START INPUT FOR THIS TASK
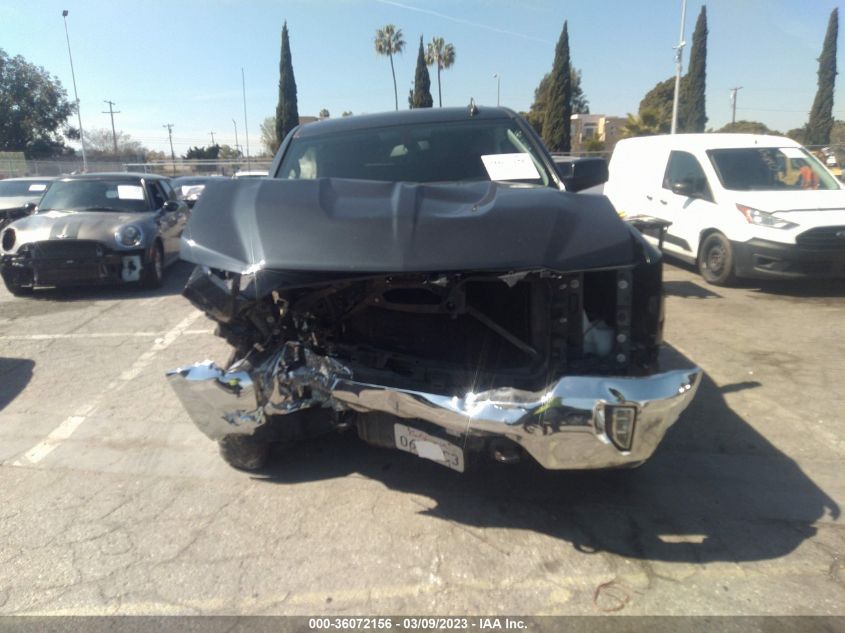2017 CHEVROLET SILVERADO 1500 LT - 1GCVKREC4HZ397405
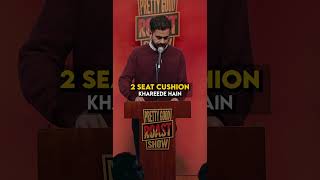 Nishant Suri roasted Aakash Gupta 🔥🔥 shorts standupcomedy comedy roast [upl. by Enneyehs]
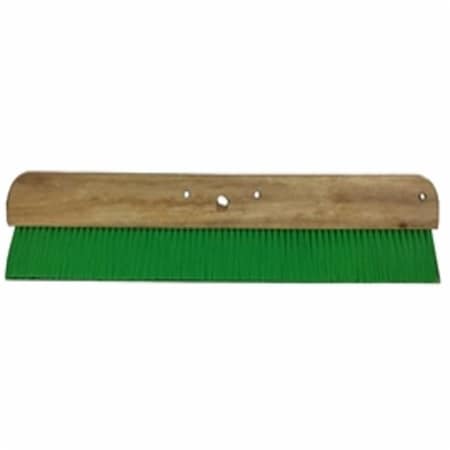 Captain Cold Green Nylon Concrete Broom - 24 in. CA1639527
END INPUT FOR THIS TASK
START INPUT FOR THIS TASK
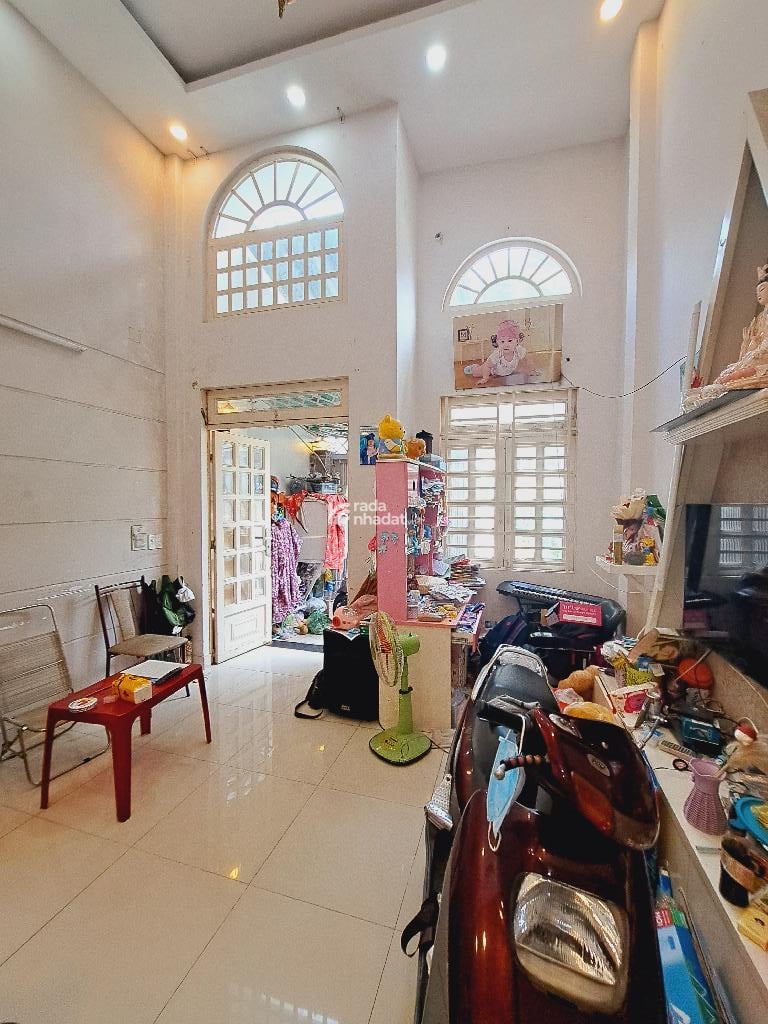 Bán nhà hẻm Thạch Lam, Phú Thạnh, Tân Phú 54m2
END INPUT FOR THIS TASK
EXERCISE →
Starting at the line that contains "2017 CHEVROLET SILVERADO" and ending at the line that contains "Captain Cold Green", transcribe the material above exactly, excluding pictures.

EXERCISE ANSWER →
2017 CHEVROLET SILVERADO 1500 LT - 1GCVKREC4HZ397405
 Nishant Suri roasted Aakash Gupta 🔥🔥 shorts standupcomedy comedy roast [upl. by Enneyehs]
 Captain Cold Green Nylon Concrete Broom - 24 in. CA1639527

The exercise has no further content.